The Fed kicked off its two-day meeting, with market participants focussed on the U.S. central bank’s view on the economy as well as its guidance on future tightening. The Fed already has raised rates twice in 2018.

The dollar has benefited from a hawkish rate outlook all year, but has lost steam the last few weeks, as other economies such as the euro zone improved, keeping them closer to a shift to tighter monetary policy.

Since mid-August, the dollar has declined 3.1 percent against a basket of currencies.

“As a rate increase is highly likely and therefore priced in, the reaction of the dollar will be influenced to a large degree by the Fed’s forward guidance and whether there are any noticeable changes in the ‘dot-plots’,” said Fawad Razaqzada, market analyst at in London.

Fed officials’ median projection on the number of rate increases is commonly referred to as its dot-plot.

In afternoon trading, the dollar index was down 0.1 percent at 94.120.

John Lynch, chief investment strategist at LPL Financial in Charlotte, expects the Fed to maintain a flexible policy on Wednesday that remains data dependent.

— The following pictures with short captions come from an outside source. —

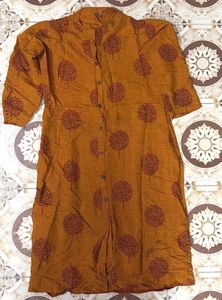 Brown Printed Kurta
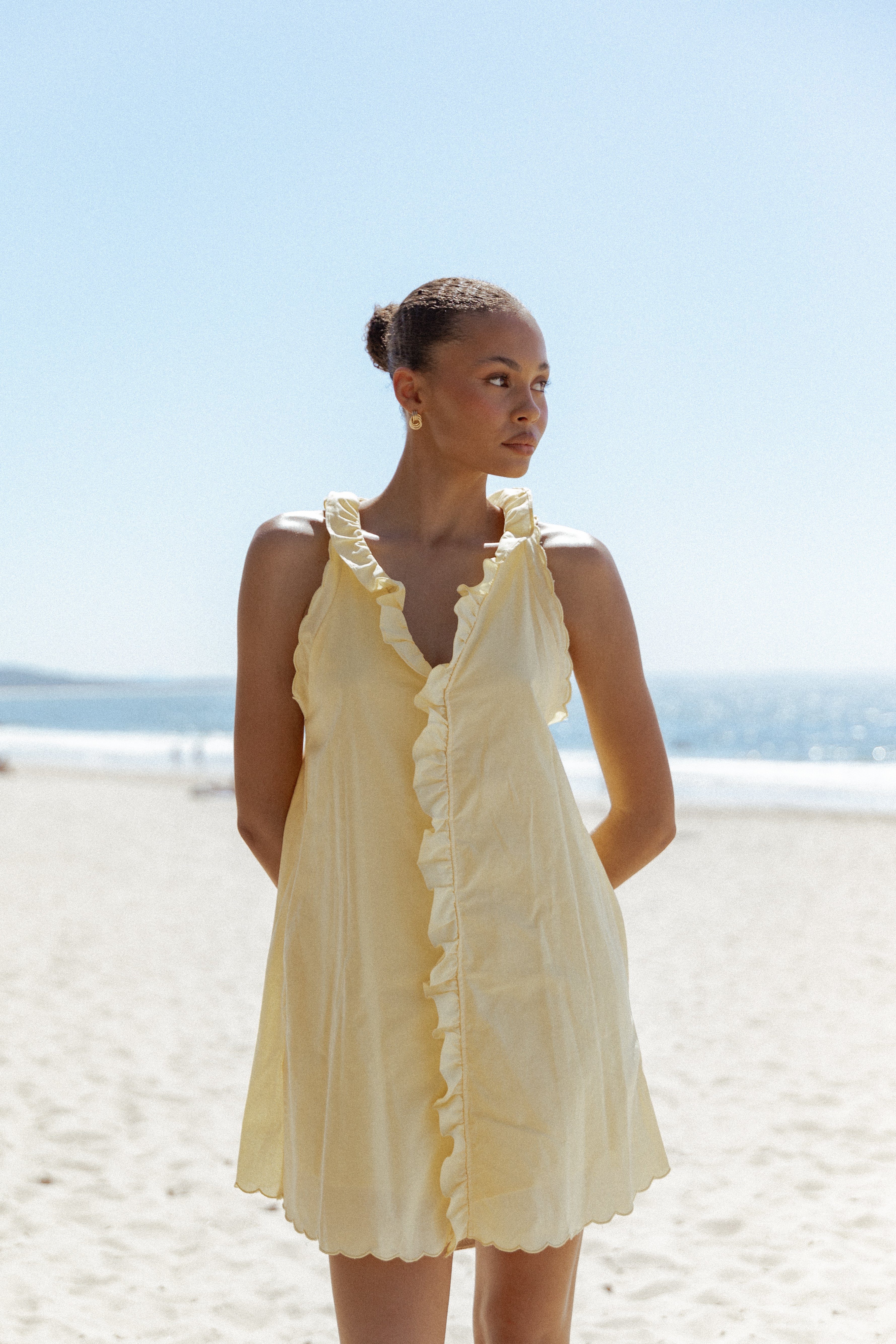 Cassandra Ruffle Mini Dress Butter Yellow
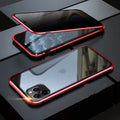 Glass anti-spy clamshell phone case for iPhone in a solid colour on a table.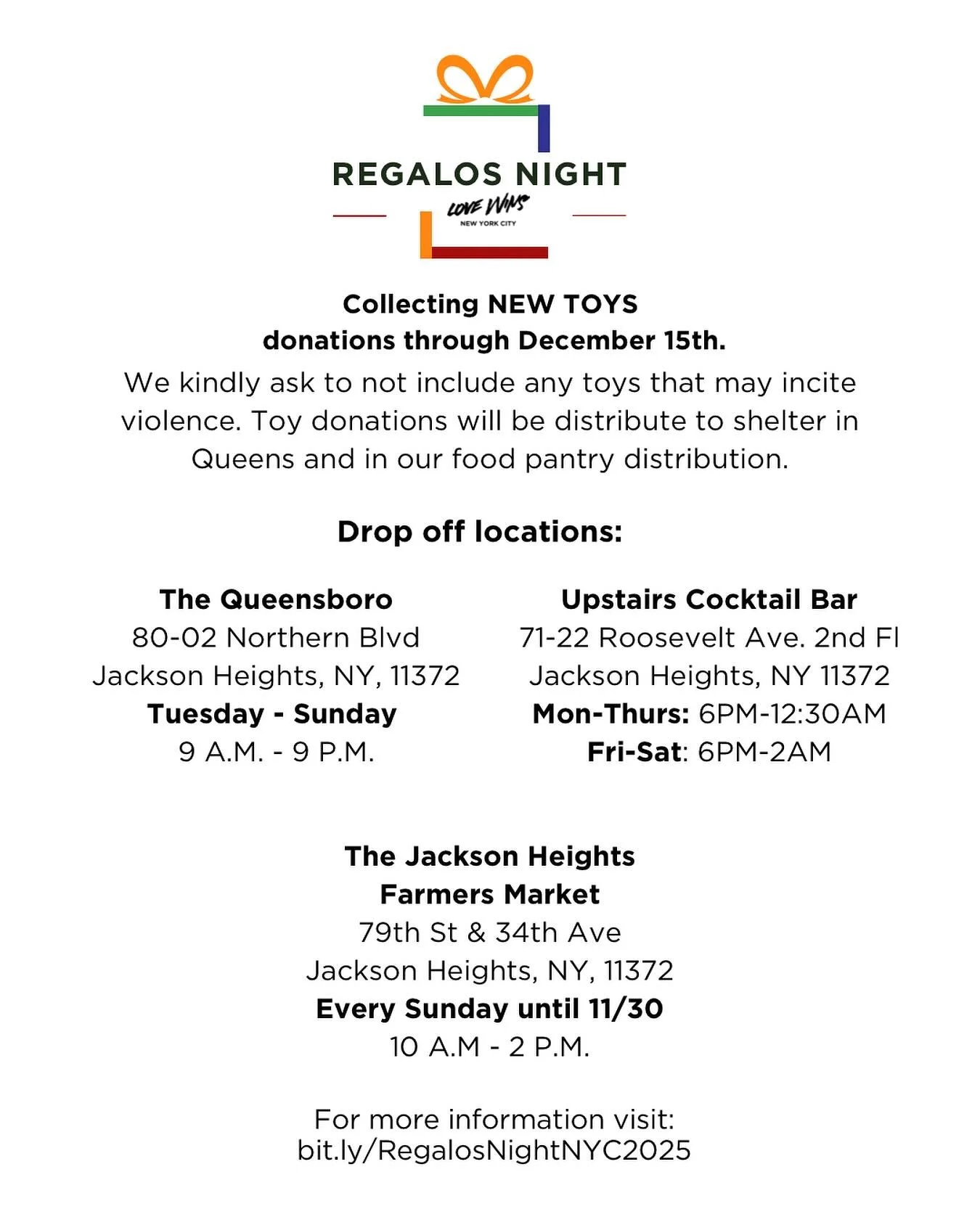 REGALOS NIGHT is special for many reasons. Being able to bring joy to children during the holiday season is just one of them. Don&rsquo;t miss out the opportunity to join us! Here is our drop off locations across Jackson Heights.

“Any change in the Fed’s view of inflation could roil markets,” Lynch said. “But we believe recent readings will allow the Fed to continue to view inflationary risks as balanced, leaving room for it to continue to hike rates gradually with a potential slowdown in the pace as we approach the neutral rate.”

The euro, on the other hand, rose despite a European Central Bank official downplaying on Tuesday its President Mario Draghi’s comments a day earlier about “relatively vigorous” inflation.

Some analysts said the euro was also supported by signs Italy’s anti-establishment coalition is likely to reach a compromise over its 2019 budget.

The euro was last up 0.2 percent at $1.1771 . It had touched a 3-1/2 month high on Monday after Draghi expressed confidence in euro zone inflation and wage growth.

But the ECB’s chief economist Peter Praet said on Tuesday there was nothing new in Draghi’s comments. The single currency, however, managed to find strength.

Against the yen, the dollar was up 0.1 percent at 112.92 yen after minutes from the Bank of Japan’s July policy meeting showed a few board members said the BoJ must consider more seriously the potential dangers of ultra-easy policy.